15.07.2013 15:09 |

Fans voller Hoffnung

RB Leipzig lässt die Konkurrenz in der 3. Liga zittern

RasenBallsport Leipzig, der deutsche Klub von Red-Bull-Boss Dietrich Mateschitz, setzt offenbar zum Durchmarsch an. Denn RB Leipzig investierte nach dem Aufstieg in die dritte Liga mehr als eine Million Euro in neue Spieler – so viel Geld hat seit der Einführung der bundesweiten dritten Liga im Jahr 2008/09 noch kein Verein auf diesem Niveau in die Hand genommen.

Die chronisch knapp kalkulierende Konkurrenz muss hingegen auf ablösefreie und ausgeliehene Spieler setzen und kann nur neidisch Richtung Leipzig blicken. Red-Bull-Sportdirektor Ralf Rangnick machte seine Ankündigungen wahr und holte vor allem junge Spieler nach Leipzig. "Wir gehen ganz bewusst einen anderen Weg, weil wir mit Nachhaltigkeit Spieler entwickeln wollen", sagte Rangnick zu den bis auf Tobias Willers vom Relegationsgegner Sportfreunde Lotte eher unerfahrenen Neuen. Mit den Deutschen Denis Thomalla und Joshua Kimmich sowie dem Griechen Christos Papadimitriou und dem Dänen Yussuf Poulsen kamen gleich vier aktuelle Junioren-Nationalspieler.

"So schnell wie möglich in der dritten Liga ankommen"
Vor allem Poulsen und Kimmich, an denen auch zahlreiche höherklassige Vereine interessiert waren, gelten als "Königs-Transfers". Bereits 15 Trainer nannten RB Leipzig in einer Umfrage als Aufstiegsfavorit. Leipzigs Trainer Alexander Zorniger stapelte aber noch tief: "Wir wollen so schnell wie möglich in der dritten Liga ankommen und die Leistungsfähigkeit der Mannschaft weiterentwickeln." Er sieht Preußen Münster, den 1. FC Heidenheim und auch den Chemnitzer FC vorne.
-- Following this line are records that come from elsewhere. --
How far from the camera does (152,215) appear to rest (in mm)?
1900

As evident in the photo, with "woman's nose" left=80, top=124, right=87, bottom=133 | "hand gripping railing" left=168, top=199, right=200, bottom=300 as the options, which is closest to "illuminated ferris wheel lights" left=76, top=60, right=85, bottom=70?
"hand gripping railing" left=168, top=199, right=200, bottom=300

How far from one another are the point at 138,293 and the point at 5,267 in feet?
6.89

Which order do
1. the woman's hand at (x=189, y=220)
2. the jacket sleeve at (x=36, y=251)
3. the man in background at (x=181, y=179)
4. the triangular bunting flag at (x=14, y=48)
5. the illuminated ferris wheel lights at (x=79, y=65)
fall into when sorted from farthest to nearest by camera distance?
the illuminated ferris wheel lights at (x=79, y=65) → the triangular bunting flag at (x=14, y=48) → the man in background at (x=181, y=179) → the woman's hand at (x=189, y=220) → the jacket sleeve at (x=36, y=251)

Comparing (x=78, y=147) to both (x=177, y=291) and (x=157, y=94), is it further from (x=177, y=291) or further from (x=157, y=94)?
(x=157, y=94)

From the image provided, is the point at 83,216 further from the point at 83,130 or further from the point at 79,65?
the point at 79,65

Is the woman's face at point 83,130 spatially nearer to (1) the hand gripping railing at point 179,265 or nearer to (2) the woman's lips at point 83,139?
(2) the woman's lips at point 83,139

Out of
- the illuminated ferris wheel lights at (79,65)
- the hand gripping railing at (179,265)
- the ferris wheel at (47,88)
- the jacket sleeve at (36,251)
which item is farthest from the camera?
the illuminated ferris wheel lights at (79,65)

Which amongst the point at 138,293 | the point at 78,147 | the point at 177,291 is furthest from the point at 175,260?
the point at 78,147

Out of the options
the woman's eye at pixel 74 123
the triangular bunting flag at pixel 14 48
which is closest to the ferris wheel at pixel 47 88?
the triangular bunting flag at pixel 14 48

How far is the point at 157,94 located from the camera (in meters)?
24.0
In der Vorbereitung versuchte Zorniger, mit seiner Mannschaft mehr taktische Systeme einzustudieren und das Umfeld nach einer Saison, in der man ungeschlagen blieb, wieder an Niederlagen zu gewöhnen: "Es klingt verrückt, aber wir können auch Spiele verlieren", sagte Zorniger. So unterlag Leipzig in der Vorbereitung dem Schweizer Serienmeister FC Basel (2:3), dem dänischen Zweitligisten HB Köge (0:1) und zuletzt Bundesliga-Aufsteiger Hertha BSC (0:1).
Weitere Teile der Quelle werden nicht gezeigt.